Here's a code example:

public class Person
{
    public string FirstName { get; set; }
    public string LastName { get; set; }
}

...

static void Main() 
{
    Person[] persons = new Person[] 
    {
        new Person{ FirstName = "John", LastName = "Smith"},
        new Person{ FirstName = "Mark", LastName = "Jones"},
        new Person{ FirstName= "Alex", LastName="Hackman"}
    };

    XmlSerializer xs = new XmlSerializer(typeof(Person[]), "");

    using (FileStream stream = File.Create("persons-" + Guid.NewGuid().ToString().Substring(0, 4) + ".xml")) 
    {
        xs.Serialize(stream, persons);
    }
}

Here's the output:

<?xml version="1.0"?>
<ArrayOfPerson xmlns:xsi="http://www.w3.org/2001/XMLSchema-instance" xmlns:xsd="http://www.w3.org/2001/XMLSchema">
  <Person>
    <FirstName>John</FirstName>
    <LastName>Smith</LastName>
  </Person>
  <Person>
    <FirstName>Mark</FirstName>
    <LastName>Jones</LastName>
  </Person>
  <Person>
    <FirstName>Alex</FirstName>
    <LastName>Hackman</LastName>
  </Person>
</ArrayOfPerson>

Here's a question.
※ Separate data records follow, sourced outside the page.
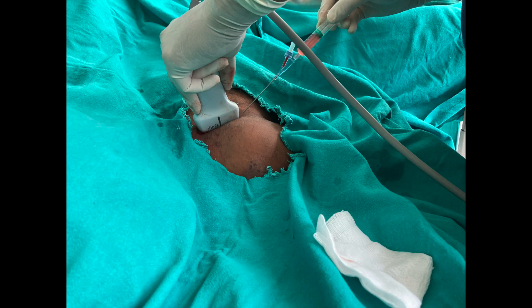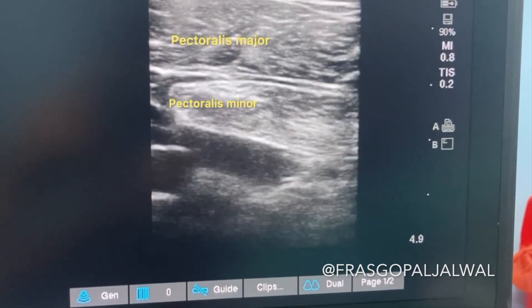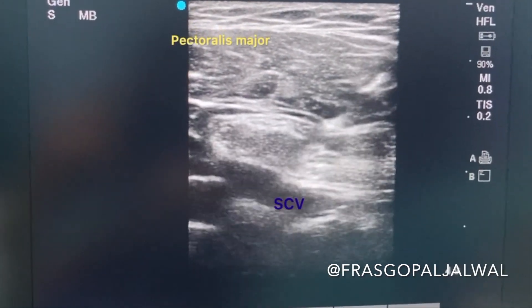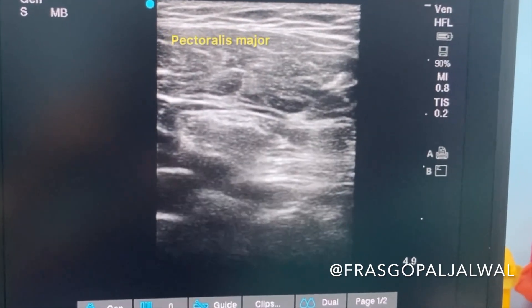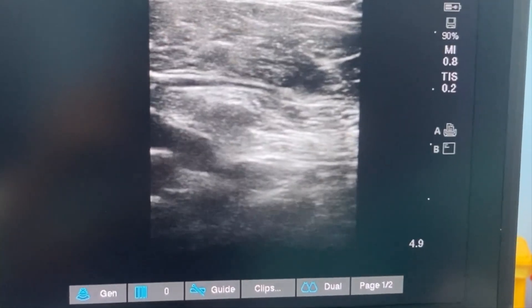To perform the subclavian vein CVP line insertion, take all aseptic precautions and localize the subclavian vein in long axis view as described. Then introduce the puncture needle using the inline technique. Here you can see the pectoralis major, pectoralis minor, and the subclavian vein below the pectoralis minor, with the needle approaching toward the subclavian vein. When you puncture the subclavian vein, you will feel a pop, and after feeling the pop, aspirate blood and insert the CVP line. Thank you.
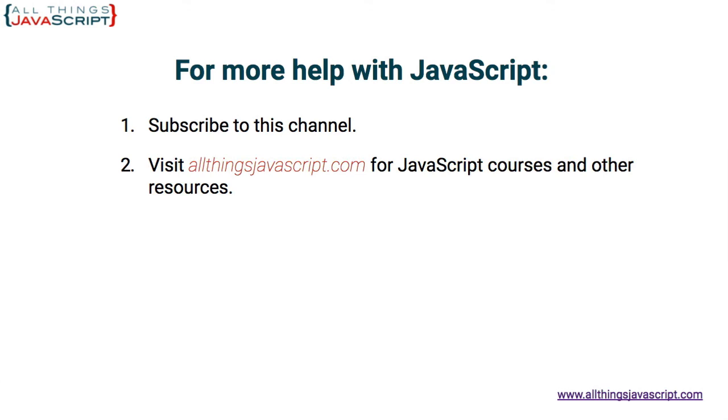And if you haven't subscribed yet, hit the subscribe button or click the circle link on the left, the one with my face. I release a new tutorial each week. You can click the video link in the center to access another tutorial right away, or click the link on the right to visit my website, allthingsjavascript.com, for full courses and to support this channel. Thanks for watching.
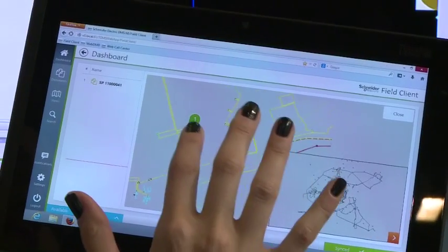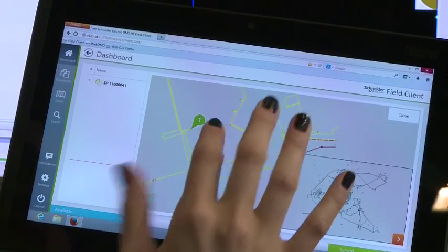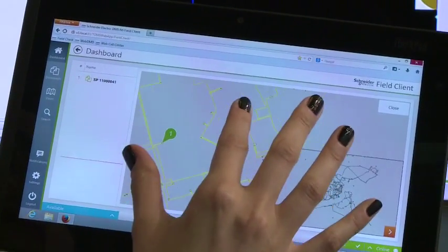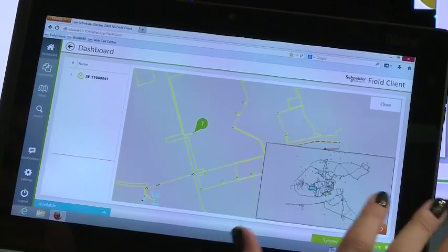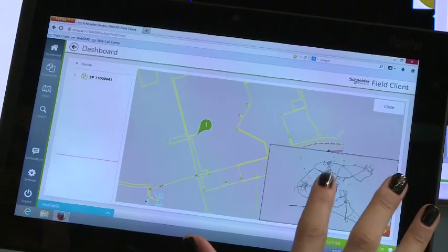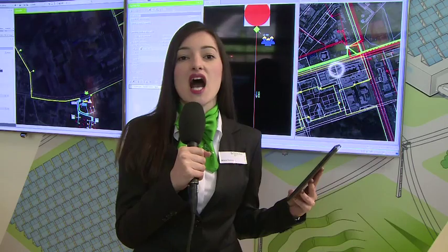Your utility business processes will now always be aligned with your operating procedures. Our ADMS solution will help your utility to move to the next generation of energy providers.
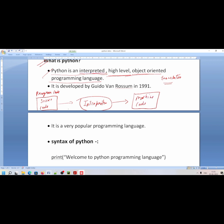The interpreter works by converting one language to another language. Program code means user code, which is high level language. The interpreter will convert it to another language — it will convert the source code to byte code.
How to get rid of root element and render persons just like this:

<?xml version="1.0"?>
<Person>
  <FirstName>John</FirstName>
  <LastName>Smith</LastName>
</Person>
<Person>
  <FirstName>Mark</FirstName>
  <LastName>Jones</LastName>
</Person>
<Person>
  <FirstName>Alex</FirstName>
  <LastName>Hackman</LastName>
</Person>

Thanks!

2
  • 3
    You want an invalid XML! Where is the root node? Commented May 4, 2011 at 14:37
  • Agreed: that is not a well-formed XML document Commented May 4, 2011 at 14:39

2 Answers 2

6

That's a malformed XML you want, not possible to obtain it via XmlSerializer, but you can change ArrayOfPersno element name to smothing else:

example:

XmlSerializer xs = new XmlSerializer(typeof(Person[]),
                                     new XmlRootAttribute("Persons"));

will give you:

<?xml version="1.0"?>
<Persons xmlns:xsi="http://www.w3.org/2001/XMLSchema-instance"
         xmlns:xsd="http://www.w3.org/2001/XMLSchema">
  <Person>
    <FirstName>John</FirstName>
    <LastName>Smith</LastName>
  </Person>
  ...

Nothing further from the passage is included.